В ПТУ при колонии ежегодно обучались 125 человек. Учили на трактористов, машинистов тепловозов, столяров, станочников.
В 1967 году Курдюг ставил план на пятилетку по вырубке 500 тысяч кубометров леса. План каждый год перевыполняли на 40 тысяч, и к 1986 году запас леса должен был закончиться. Зону закрыли, предположительно, в 1989 году.
В соседней к Курдюгу деревне Мишино, расположенной за 20 километров от зоны, живёт всего один человек — он называет себя фермером и представляется как Иван. В ста метрах от дома Ивана, по его словам, жили волки, постоянно из лесу выходят медведи, а наиболее частыми гостями остаются лоси.
Фактически зону не закрыли, а бросили, утверждает селянин. Рельсы и поезда разобрали на лом, оборудование для пилки леса растащили по делянкам.
«Говорил я с начальниками, которые сюда приезжали, я запчасти в их кооперативы возил, — вспоминает Иван. — На меня эти кооператоры московские смотрели как на чудо из подворотни. Они там миллионами ворочали, дома продавали, а тут я со своими подшипниками. Они хотели кирпичный завод в Курдюге поставить, делали разведку глины по всей округе. Нашли очень много глины, но перестройка... Бардак начался. И леса не было уже. Невыгодно всё это стало. Я приехал, зона уже закрывалась. Посёлок был. Техники до хрена. Люди уходили налегке, всё брошено было, ничего не забирали. Какой-то кооператив разобрал железную дорогу, они там пошиковали хорошо. Вертухаи кто на „пятак“ (колония для пожизненно осуждённых в Белозёрском районе. — Прим. авт.), кто куда ушли. Где я сейчас живу, деревня была больше ста домов. Колхоз был. Мне коммунисты не нравились, и в бригаде я тут один был беспартийный. Они прямо говорили, что в плохую погоду нужен зонтик, а нам — партбилет, чтобы задницу прикрыть. Здесь народ гнилой. Трусливый, гадкий. Я хозяйствовать хотел, дел много было, а мне скотину вытравили дважды, ферму сожгли. Сто голов было. Просто я жить хотел, а они привыкли водку жрать. Работали за них курдюгские зеки, а они были как цари и боги при тракторах, которых зекам не давали. Бригадир колхоза тут был — хуже вертухая курдюгского, у которого хоть понятия о чести есть. Зеков заставляли работать, они и доили, и косили, и всё делали, а эти только зарплату получали и указывали. А если зек не нравится, то угостят стаканом браги, а потом стуканут — и мужика с бесконвойки закрывают, всего лишают за нарушение. Колхоз жил за счёт зеков. Я приехал, ферму поставил, работать начал. Теперь ничего нет. Гора проволоки вот у меня лежит, сдам — уже на зиму заработал. Мне они говорили: «Живи, как и мы живём». А я не хочу так жить — от бутылки до бутылки».

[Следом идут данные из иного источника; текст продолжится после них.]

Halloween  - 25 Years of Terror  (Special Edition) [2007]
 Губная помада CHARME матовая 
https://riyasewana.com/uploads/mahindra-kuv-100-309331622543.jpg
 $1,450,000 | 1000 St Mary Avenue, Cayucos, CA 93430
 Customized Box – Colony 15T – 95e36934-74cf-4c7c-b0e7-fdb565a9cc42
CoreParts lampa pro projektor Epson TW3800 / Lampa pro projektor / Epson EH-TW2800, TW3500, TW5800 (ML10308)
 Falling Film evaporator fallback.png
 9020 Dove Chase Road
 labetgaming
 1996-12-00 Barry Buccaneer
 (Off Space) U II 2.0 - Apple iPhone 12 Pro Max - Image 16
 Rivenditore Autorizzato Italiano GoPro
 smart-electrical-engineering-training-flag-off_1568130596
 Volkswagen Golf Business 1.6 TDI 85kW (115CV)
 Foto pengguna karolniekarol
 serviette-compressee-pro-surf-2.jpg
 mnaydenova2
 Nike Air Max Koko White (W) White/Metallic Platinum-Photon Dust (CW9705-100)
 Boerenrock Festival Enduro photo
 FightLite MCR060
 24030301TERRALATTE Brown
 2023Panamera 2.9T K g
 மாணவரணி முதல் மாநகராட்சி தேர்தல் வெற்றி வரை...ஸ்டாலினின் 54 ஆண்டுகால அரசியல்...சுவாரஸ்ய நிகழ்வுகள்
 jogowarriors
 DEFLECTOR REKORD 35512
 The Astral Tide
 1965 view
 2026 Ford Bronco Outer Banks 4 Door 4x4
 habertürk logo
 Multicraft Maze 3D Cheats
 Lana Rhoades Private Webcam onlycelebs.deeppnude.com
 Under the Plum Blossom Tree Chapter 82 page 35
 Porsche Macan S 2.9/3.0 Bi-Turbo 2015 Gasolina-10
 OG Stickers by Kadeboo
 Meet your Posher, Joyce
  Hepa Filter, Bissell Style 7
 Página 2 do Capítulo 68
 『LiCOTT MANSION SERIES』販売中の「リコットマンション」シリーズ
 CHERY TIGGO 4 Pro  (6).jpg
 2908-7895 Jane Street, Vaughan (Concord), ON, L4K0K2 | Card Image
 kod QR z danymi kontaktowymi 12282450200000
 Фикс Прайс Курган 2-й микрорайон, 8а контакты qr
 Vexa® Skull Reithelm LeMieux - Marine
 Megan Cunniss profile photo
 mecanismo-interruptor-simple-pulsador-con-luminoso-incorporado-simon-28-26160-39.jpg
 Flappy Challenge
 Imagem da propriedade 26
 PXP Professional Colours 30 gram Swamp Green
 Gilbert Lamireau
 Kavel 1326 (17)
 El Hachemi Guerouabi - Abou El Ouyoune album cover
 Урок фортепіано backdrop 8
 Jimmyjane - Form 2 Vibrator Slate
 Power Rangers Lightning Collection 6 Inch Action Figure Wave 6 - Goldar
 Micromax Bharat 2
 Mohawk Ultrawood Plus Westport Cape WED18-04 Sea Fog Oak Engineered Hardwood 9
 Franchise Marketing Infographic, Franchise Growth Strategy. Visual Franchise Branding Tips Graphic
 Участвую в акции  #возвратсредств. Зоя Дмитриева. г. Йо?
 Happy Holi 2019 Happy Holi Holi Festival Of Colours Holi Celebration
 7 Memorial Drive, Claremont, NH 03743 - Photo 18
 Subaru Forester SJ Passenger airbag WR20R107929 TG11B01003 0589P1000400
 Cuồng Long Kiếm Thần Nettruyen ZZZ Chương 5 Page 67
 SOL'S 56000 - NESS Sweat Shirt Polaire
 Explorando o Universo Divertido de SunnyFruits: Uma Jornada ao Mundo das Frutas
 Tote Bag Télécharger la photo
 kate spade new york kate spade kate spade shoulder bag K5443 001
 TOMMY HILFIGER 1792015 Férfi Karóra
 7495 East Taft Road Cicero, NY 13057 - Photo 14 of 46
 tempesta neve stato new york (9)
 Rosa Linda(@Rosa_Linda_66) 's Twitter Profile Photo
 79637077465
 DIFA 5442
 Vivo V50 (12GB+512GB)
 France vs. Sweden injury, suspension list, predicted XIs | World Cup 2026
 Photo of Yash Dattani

Среди жителей Белозёрского района много лет ходит слух, что Курдюг рано или поздно восстановят, так как на «пятак», расположенный в бывшем монастыре, претендует церковь.
«И ещё. Тут шуточка такая... — интригует Иван. — Там место сухое на „пятаке“, всё сделано и обустроено. А знаешь, сколько этот зек стоит? У нас тут ни один безработный столько не имеет. Живут они там до-о-лго! Питание от и до, а не как здесь: что бог пошлёт и что урвёшь. Вот и слышал я, что „пятак“ закроют, а Курдюг восстановят. Он-то ведь весь на болоте».